Consulté el buzón de voz. Corine Magnan me había llamado. Por fin. Ya en el patio del instituto forense, bajo una suave llovizna, marqué su número.

—No he podido llamarlo antes —comenzó—, lo siento. En París los días se me pasan volando. ¿En qué puedo ayudarlo? Aunque me temo que no puedo hacer gran cosa. Ni siquiera estoy autorizada a hablar con usted.

El tono era propicio. Icé la bandera blanca.

—Quería ofrecerle ayuda.

—Durey, haga al favor de mantenerse al margen de todo esto. Ya hice la vista gorda cuando intervino en el Jura. ¡Le recuerdo que no tiene ninguna legitimidad en este caso!

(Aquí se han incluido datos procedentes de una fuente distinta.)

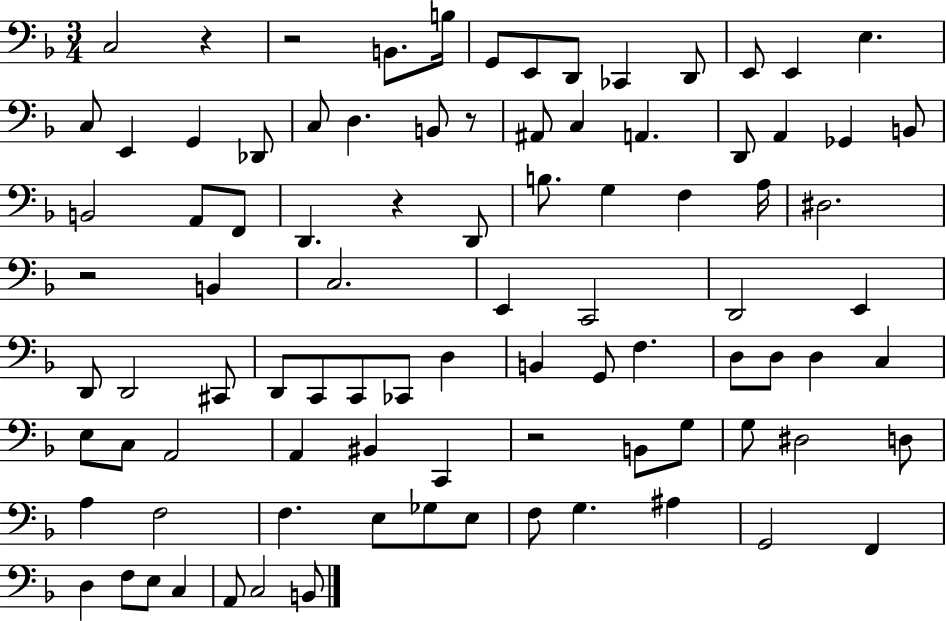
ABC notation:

X:1
T:Untitled
M:3/4
L:1/4
K:F
C,2 z z2 B,,/2 B,/4 G,,/2 E,,/2 D,,/2 _C,, D,,/2 E,,/2 E,, E, C,/2 E,, G,, _D,,/2 C,/2 D, B,,/2 z/2 ^A,,/2 C, A,, D,,/2 A,, _G,, B,,/2 B,,2 A,,/2 F,,/2 D,, z D,,/2 B,/2 G, F, A,/4 ^D,2 z2 B,, C,2 E,, C,,2 D,,2 E,, D,,/2 D,,2 ^C,,/2 D,,/2 C,,/2 C,,/2 _C,,/2 D, B,, G,,/2 F, D,/2 D,/2 D, C, E,/2 C,/2 A,,2 A,, ^B,, C,, z2 B,,/2 G,/2 G,/2 ^D,2 D,/2 A, F,2 F, E,/2 _G,/2 E,/2 F,/2 G, ^A, G,,2 F,, D, F,/2 E,/2 C, A,,/2 C,2 B,,/2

La voz era seca, pero sentía que su actitud era defensiva. Sola en París, sin apoyos ni conocidos, rodeada por los tipos de la DPJ, Corine Magnan mostraba las uñas para sentirse más segura.

—Está bien —dije en tono conciliador—. Dígame solamente qué hacía esta mañana en el hospital. Usted instruye el sumario del homicidio de Sylvie Simonis. ¿Qué relación tiene con los delirios de Luc?

Hubo un breve silencio. Magnan seleccionaba la información: qué podía revelarme y qué no. Finalmente dijo:

—La experiencia de Soubeyras aporta un enfoque transversal a mi investigación.

—¿De modo que cree en todas esas historias de visiones, de posesión?

—Lo que yo crea no tiene importancia. Lo que me interesa es la influencia de esos traumas en los protagonistas de mi caso.

—Hable claro. ¿Qué protagonistas?

—Mi principal sospechoso es Manon Simonis. Esa joven podría haber vivido la misma experiencia que Luc Soubeyras. En 1988, durante su coma.

—Manon no conserva ningún recuerdo de ese tipo.